Per i classici fare una recensione decente è difficile. Dire qualcosa che non è stato ancora detto è difficile, d'altro canto se devo essere superficiale, tanto vale che non scriva. Così vi propongo la mia relazione sulla Pro Ligario, per dire tutto quello bisogna dire... Per correttezza vi dirò che non è tutta farina del mio sacco, 50 e 50 con una mia amica.
“Homines enim ad deos nulla re
propius accedunt quam salutem hominibus dando.”
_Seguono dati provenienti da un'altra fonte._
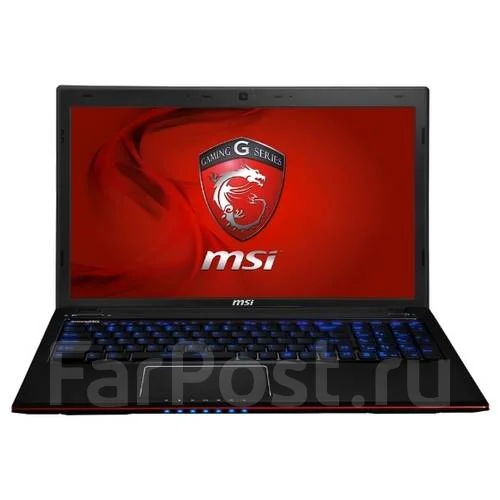 MSI GE60. 15.6", 2,5����, ��� 12 ��, ���� 1 128���, WiFi: 1, Bluetooth: 1, ����������� �� 4��. ����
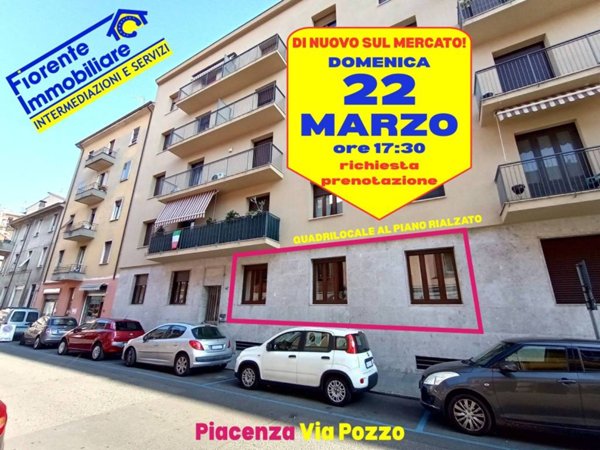 appartamento in vendita a Piacenza in zona Barriera Milano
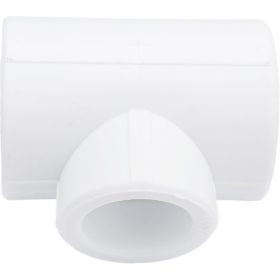 Переходной тройник VALFEX PP-R белый, 40х32х40 мм 10403240 127-0555 (артикул 16164234) – фото 1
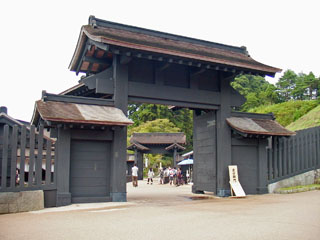 箱根関所京口御門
Un esempio di oratoria salvifica
La “Pro Ligario” è un’ orazione di difesa composta da Marco
Tullio Cicerone nel novembre del 46 per il processo di Quinto Ligario. La causa
vedeva alla difesa Cicerone e all’accusa Quinto Elio Tuberone. Al posto dei
comizi centuriati o del tribunale permanente, come giudice, vediamo Gaio Giulio
Cesare, appena diventato dittatore e quindi con poteri plenari, compreso quello
giudiziario, che acconsentì allo svolgimento del processo nonostante non fosse
consentito per accuse di tal genere (Tuberone, accusando Ligario di alto
tradimento, ne chiedeva infatti la pena di morte) essendo assente l’imputato, esiliato
in Africa.
Finora abbiamo trattato della causa per la quale si svolse
quest’orazione, ma che cos’è un’orazione?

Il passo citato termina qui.